Droits humains

"Libérez Saïd Larifou"

Droits humains

Témoignages.re / 8 janvier 2004

Hier, une centaine de personnes étaient venues demander la libération de l’avocat saint-pierrois, Saïd Larifou, sur le Parvis des droits de l’Homme à Champ Fleuri. Il est retenu depuis septembre dernier à Moroni. Il est accusé de "complot et d’atteinte à l’autorité et à la sûreté de l’État". Malade, ses proches souhaitent son retour à La Réunion.

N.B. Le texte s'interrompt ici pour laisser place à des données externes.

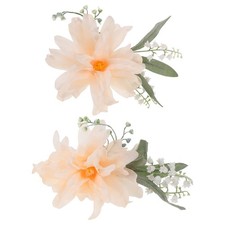  Embrasses de rideaux à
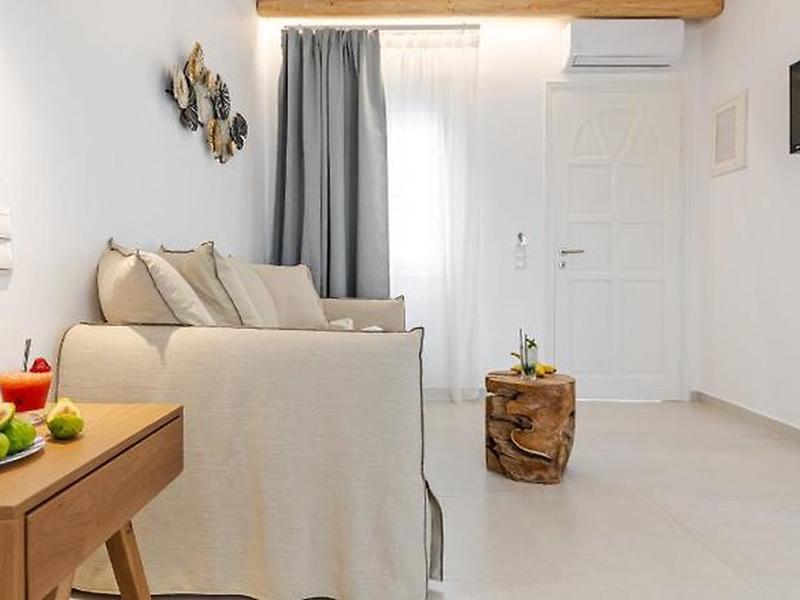 41C1D16F86BE952B4F45531DDDEC3CE3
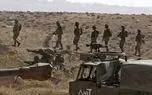سناریوی ورود زمینی آمریکا به جنگ ایران/ از عملیات محدود تا تصرف خارگ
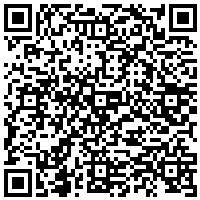 QR Code for bitcoin:bitcoin:bitcoin:bitcoin:bitcoin:bitcoin:bitcoin:bitcoin:bitcoin:bitcoin:bitcoin:dash:Xe4Pdxvwi3EwoHdXRNneJ6F8fsBe5SvgY6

Hier, sur le Parvis des droits de l’Homme à Champ Fleuri, près d’une centaine d’amis, d’artistes, de responsables politiques ont répondu à l’appel du Comité de soutien à Saïd Larifou. Ils souhaitent ainsi montrer leur détermination à faire libérer l’avocat saint-pierrois, détenu à Moroni aux Comores.
Mohammed Maoihibou (du Comité de soutien), Canda Swamy Pillay (président de la Ligue des droits de l’Homme, section saint-Denis), Ismaël Aboudou (artiste) exprimaient leur indignation à voir un défenseur des libertés privé de son droit le plus fondamental : vivre.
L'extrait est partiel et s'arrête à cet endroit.